DATASET ENTRIES:
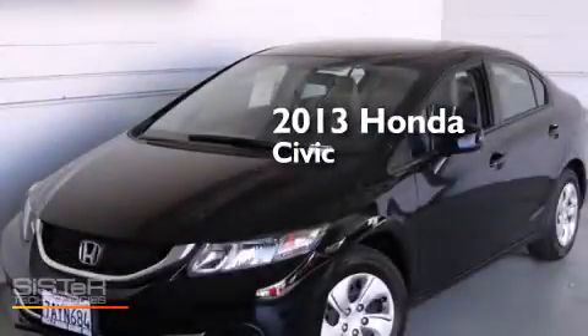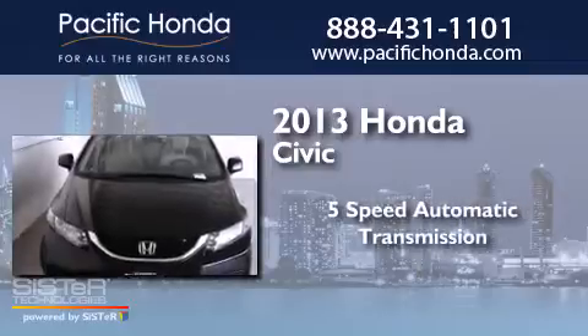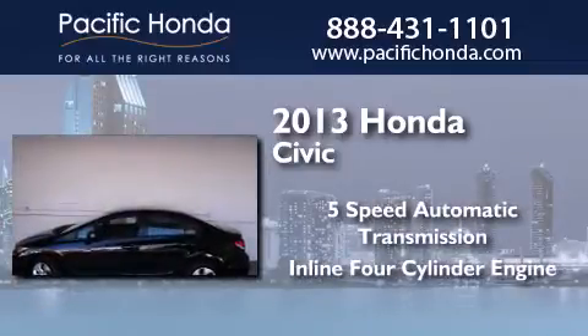This is a 2013 Honda Civic. This car has a 5-speed automatic transmission and an inline four-cylinder engine.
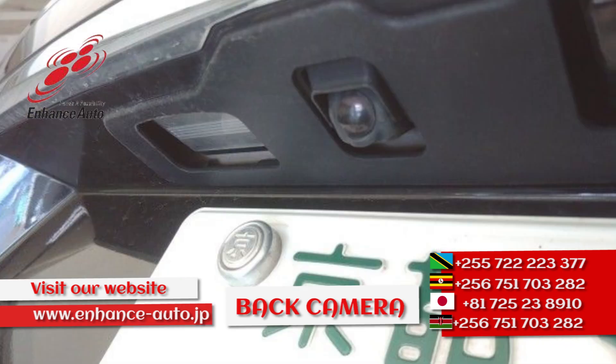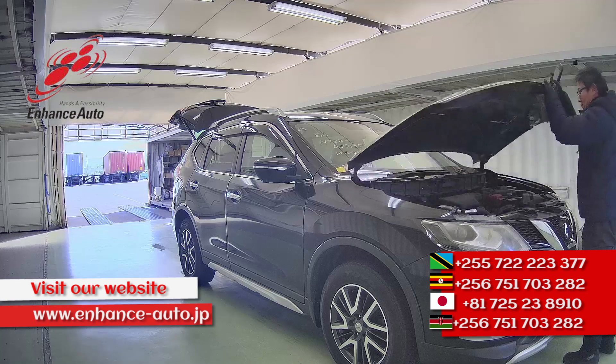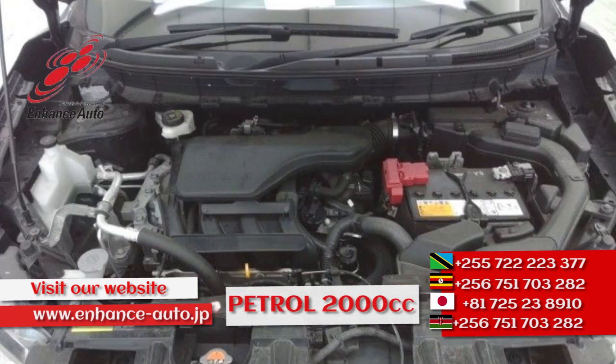From Hens Auto Japan, quality Japanese cars. From Hens Auto Japan, for safe and secure dreams.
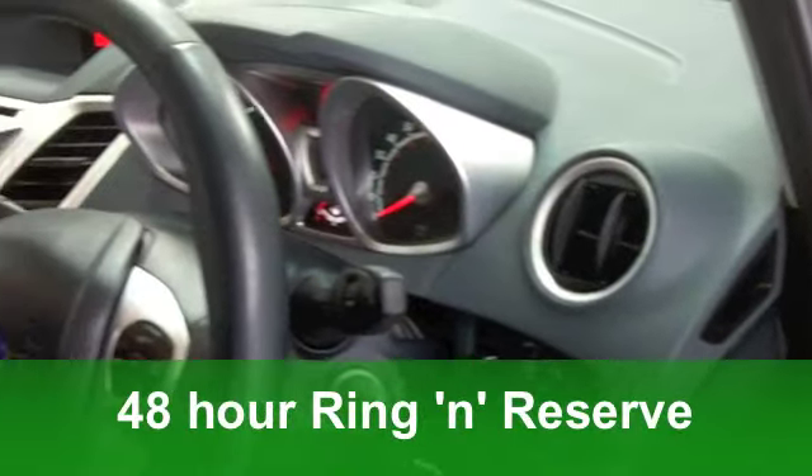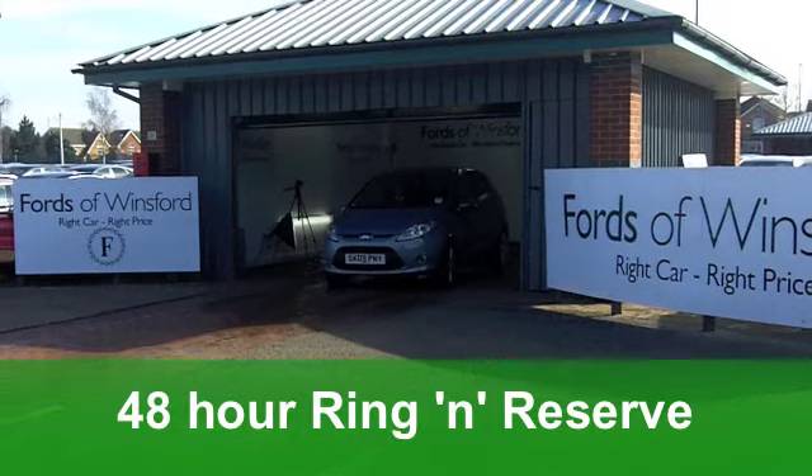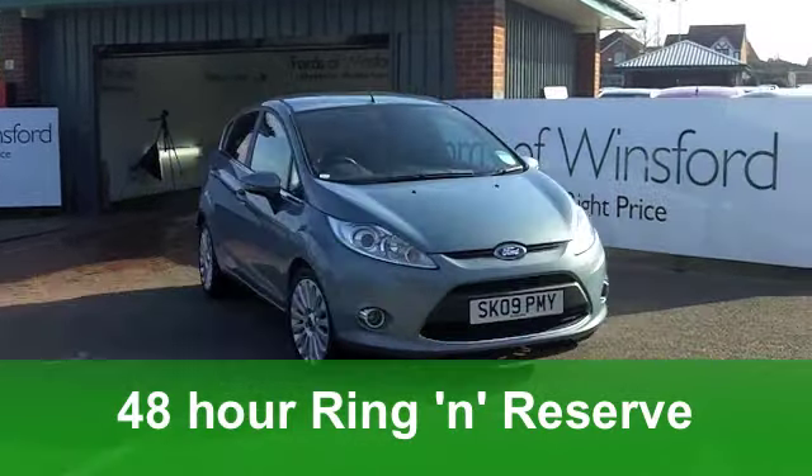Inside, the cloth seats and the cabin is very stylish. Ford do it so well. Very comfortable. And this car has five doors so it's really accessible for front and back passengers too.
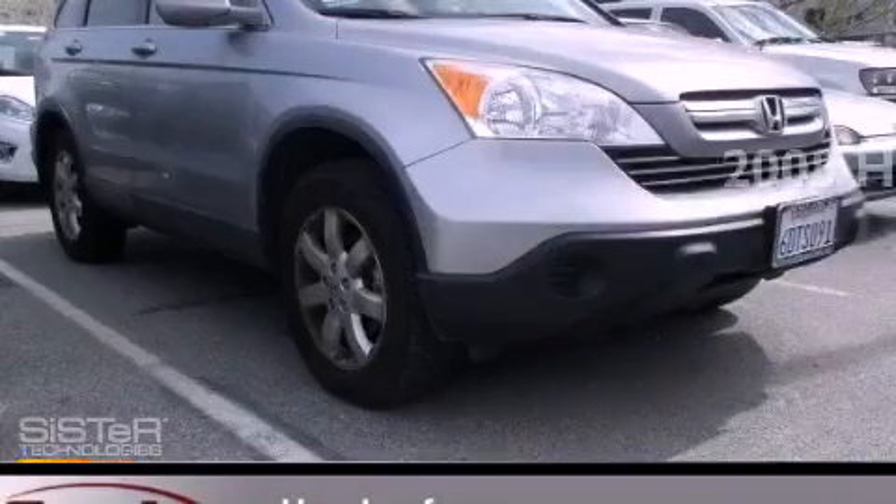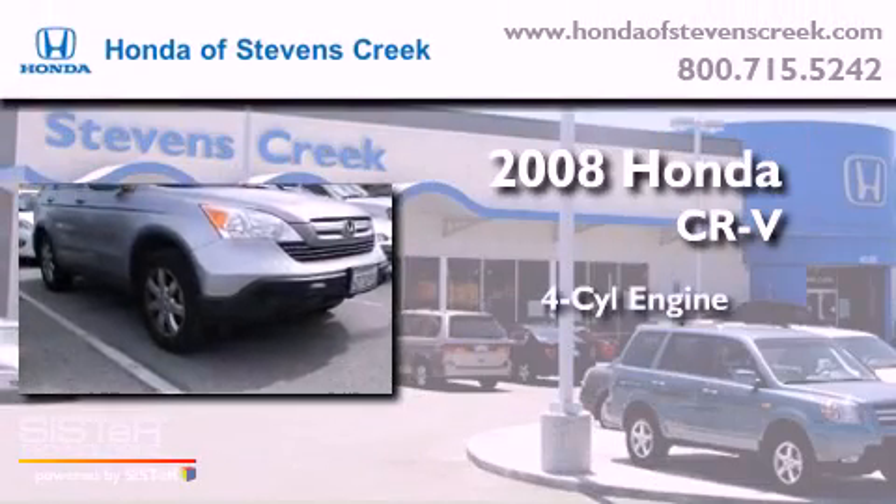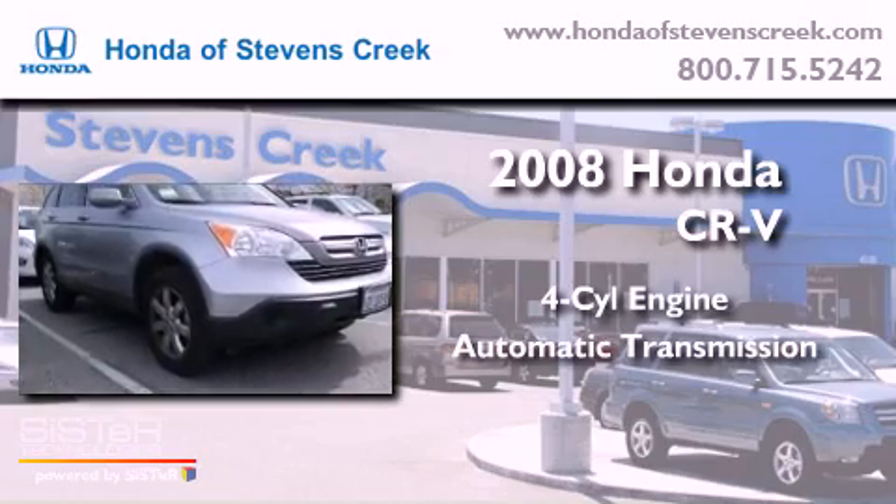This is a 2008 Honda CR-V. It has a four-cylinder engine, an automatic transmission, and four-wheel drive.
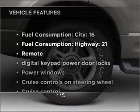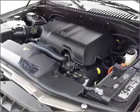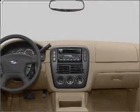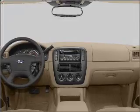Plus, enjoy these notable features that are included in this vehicle: air conditioning, power door locks, power windows, power steering, cruise control, power mirrors, an alarm system, an AM/FM stereo with a CD player, and an adjustable tilt steering wheel.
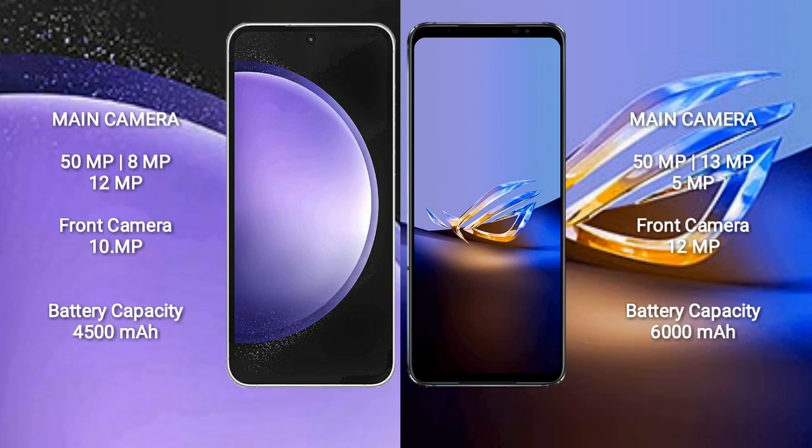Asus ROG Phone 6D Ultimate features a triple camera setup: 50MP plus 13MP plus 5MP, and a 12MP front camera. Samsung Galaxy S23 FE has a 4,500mAh battery with 25W fast charging. Asus ROG Phone 6D Ultimate has a 6,000mAh battery with 65W fast charging.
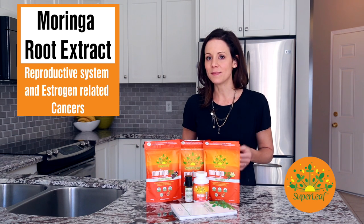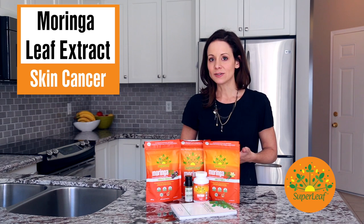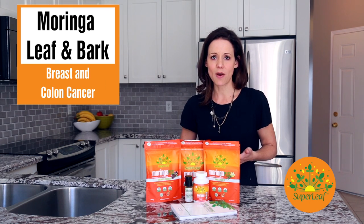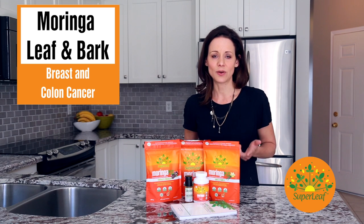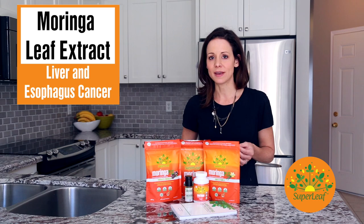There's solid evidence to show that moringa root extract has a strong influence on cancers of the reproductive system, estrogen-related cancers such as ovarian cancer and breast cancer. Findings are accumulating to show that moringa leaf extract has an effect on skin cancer. The leaf and bark can be used to treat breast and colon cancer, and the leaf extract liver and esophagus cancer.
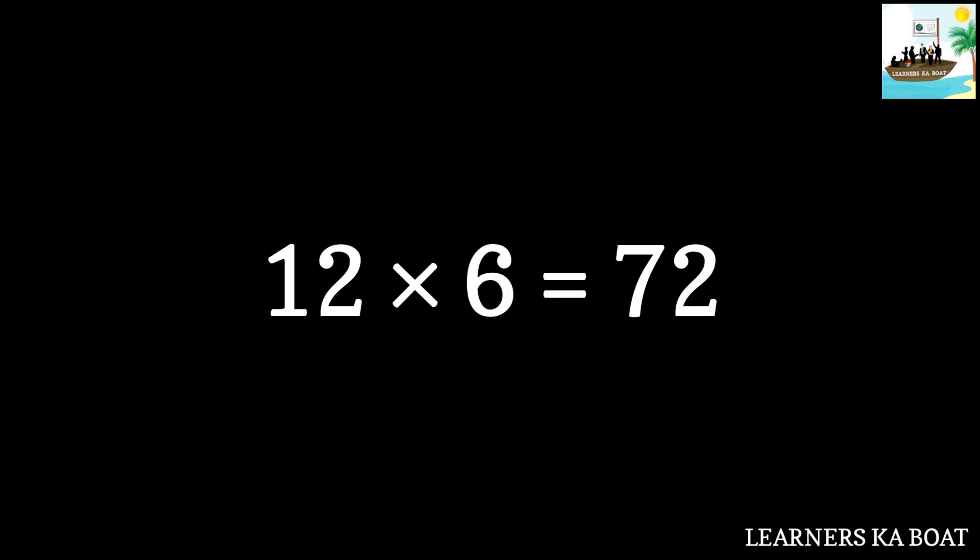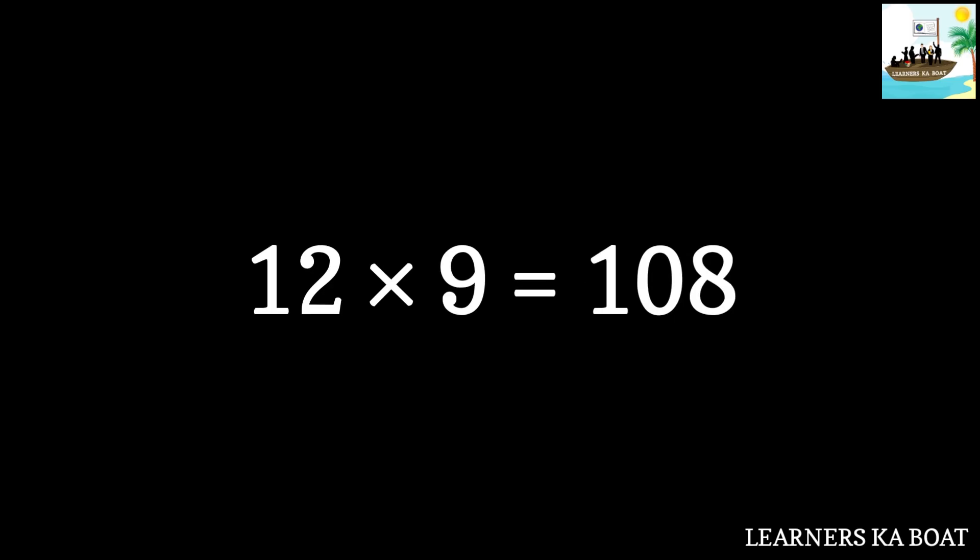12 sixes are 72. 12 sevens are 84. 12 eights are 96. 12 nines are 108.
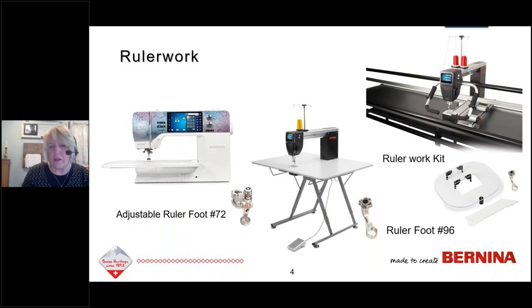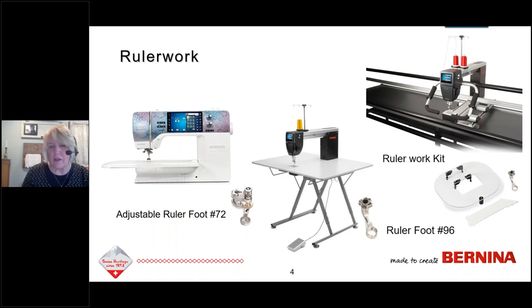The sit-down or table model longarm also uses the adjustable ruler foot number 72, but another option is the ruler foot 96 — the longarm ruler foot also available for the table model longarm. For the frame, you need the ruler work kit, which includes the base or table, a ruler, and that ruler foot number 96. With your machine and your ruler foot, you'll be pretty well suited to get started. Before we go further, I want to talk about setup — I have a survey question about how you have your machine set up for free motion quilting, so please launch that survey.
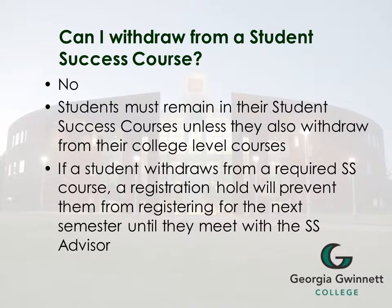Another question is: can I withdraw from a student success course? The answer is no. Students must remain in their student success courses unless they also withdraw from their college level courses. If a student withdraws from a required student success course, a registration hold will prevent them from registering for the next semester until they meet with a student success advisor.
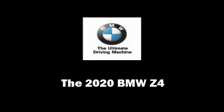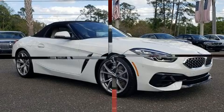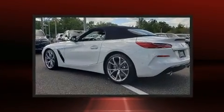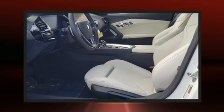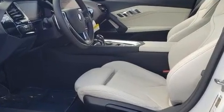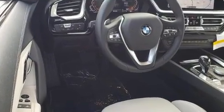Come test drive this 2020 BMW Z4. This two-door, two-passenger convertible leads among competitors in its segment. BMW made sure to keep road handling and sportiness at the top of its priority list. It features an automatic transmission and rear-wheel drive.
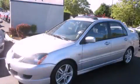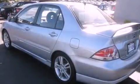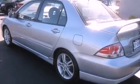This is a 2005 Mitsubishi Lancer. It features a 2.4-liter four-cylinder engine and an automatic transmission.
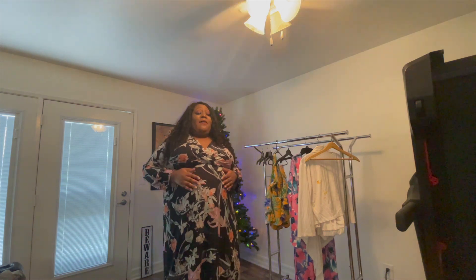As you can see, I have on this lovely maxi dress and it is from City Chick. I absolutely love it. I wore it to my partner's penning for his promotion.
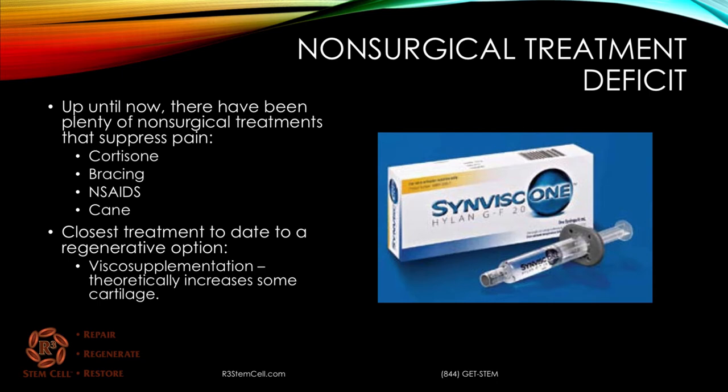There is a deficit in non-surgical treatments. Up until now, there have been plenty of non-surgical treatments that help to suppress pain, such as steroid injections with cortisone, bracing, anti-inflammatories by mouth or cream, cane, and things like that — but they don't change the course of the disease.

WORK TO COMPLETE:
Pictures aside, please output the whole listing exactly as it appears above.

EXERCISE ANSWER:
This is a 2013 Honda Civic. This car has a 5-speed automatic transmission and an inline four-cylinder engine.
From Hens Auto Japan, quality Japanese cars. From Hens Auto Japan, for safe and secure dreams.
Inside, the cloth seats and the cabin is very stylish. Ford do it so well. Very comfortable. And this car has five doors so it's really accessible for front and back passengers too.
This is a 2008 Honda CR-V. It has a four-cylinder engine, an automatic transmission, and four-wheel drive.
Plus, enjoy these notable features that are included in this vehicle: air conditioning, power door locks, power windows, power steering, cruise control, power mirrors, an alarm system, an AM/FM stereo with a CD player, and an adjustable tilt steering wheel.
Asus ROG Phone 6D Ultimate features a triple camera setup: 50MP plus 13MP plus 5MP, and a 12MP front camera. Samsung Galaxy S23 FE has a 4,500mAh battery with 25W fast charging. Asus ROG Phone 6D Ultimate has a 6,000mAh battery with 65W fast charging.
There's solid evidence to show that moringa root extract has a strong influence on cancers of the reproductive system, estrogen-related cancers such as ovarian cancer and breast cancer. Findings are accumulating to show that moringa leaf extract has an effect on skin cancer. The leaf and bark can be used to treat breast and colon cancer, and the leaf extract liver and esophagus cancer.
12 sixes are 72. 12 sevens are 84. 12 eights are 96. 12 nines are 108.
The sit-down or table model longarm also uses the adjustable ruler foot number 72, but another option is the ruler foot 96 — the longarm ruler foot also available for the table model longarm. For the frame, you need the ruler work kit, which includes the base or table, a ruler, and that ruler foot number 96. With your machine and your ruler foot, you'll be pretty well suited to get started. Before we go further, I want to talk about setup — I have a survey question about how you have your machine set up for free motion quilting, so please launch that survey.
Another question is: can I withdraw from a student success course? The answer is no. Students must remain in their student success courses unless they also withdraw from their college level courses. If a student withdraws from a required student success course, a registration hold will prevent them from registering for the next semester until they meet with a student success advisor.
Come test drive this 2020 BMW Z4. This two-door, two-passenger convertible leads among competitors in its segment. BMW made sure to keep road handling and sportiness at the top of its priority list. It features an automatic transmission and rear-wheel drive.
This is a 2005 Mitsubishi Lancer. It features a 2.4-liter four-cylinder engine and an automatic transmission.
As you can see, I have on this lovely maxi dress and it is from City Chick. I absolutely love it. I wore it to my partner's penning for his promotion.
There is a deficit in non-surgical treatments. Up until now, there have been plenty of non-surgical treatments that help to suppress pain, such as steroid injections with cortisone, bracing, anti-inflammatories by mouth or cream, cane, and things like that — but they don't change the course of the disease.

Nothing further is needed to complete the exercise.